» **INFORMATION**
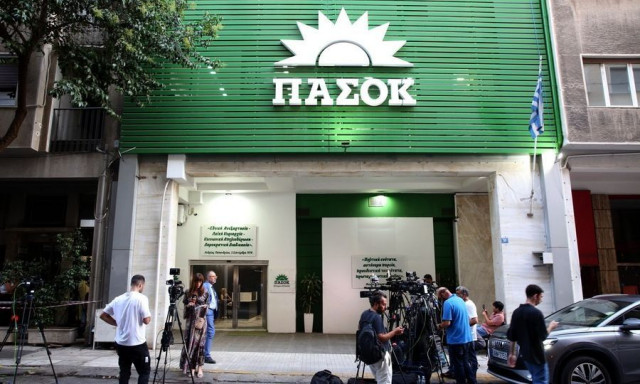 «Γκαζώνει» το ΠΑΣΟΚ με νομοθετικές και πολιτικές πρωτοβουλίες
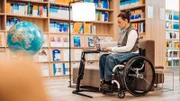 Aurora musste den Gedanken an ihren Traumjob Krankenschwester aufgeben, sie macht nach dem Unfall eine Ausbildung zur Mediendesignerin.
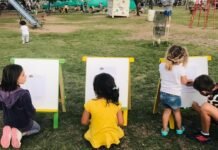 Feria de los jardines: Los niños le escribieron su “carta a Papá Noel” en Nuevo Poeta Lugones Jardines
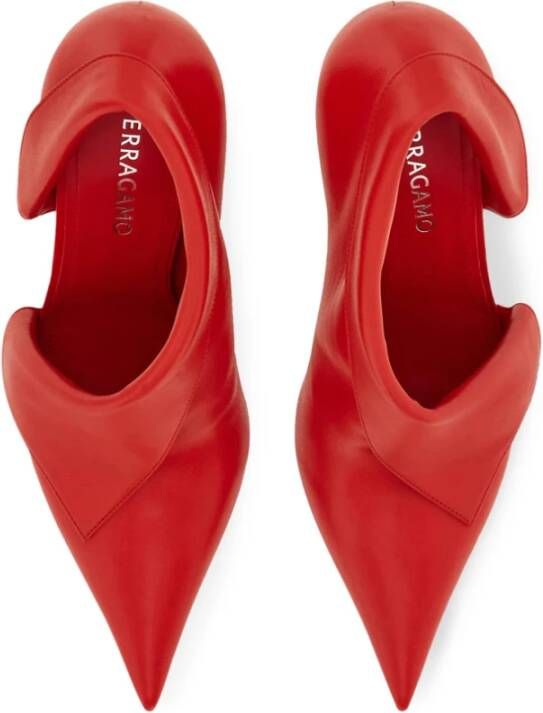 Ferragamo Red Flame Slip-On Stiletto Hakken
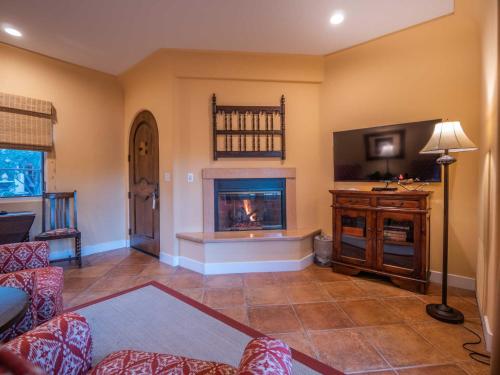 a living room with a fireplace and a couch at Su Nido Inn in Ojai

» **TASK DIRECTIONS**
Pictures stay out. Write out everything else in the material exactly.

» **EXERCISE OUTPUT**
 «Γκαζώνει» το ΠΑΣΟΚ με νομοθετικές και πολιτικές πρωτοβουλίες
 Aurora musste den Gedanken an ihren Traumjob Krankenschwester aufgeben, sie macht nach dem Unfall eine Ausbildung zur Mediendesignerin.
 Feria de los jardines: Los niños le escribieron su “carta a Papá Noel” en Nuevo Poeta Lugones Jardines
 Ferragamo Red Flame Slip-On Stiletto Hakken
 a living room with a fireplace and a couch at Su Nido Inn in Ojai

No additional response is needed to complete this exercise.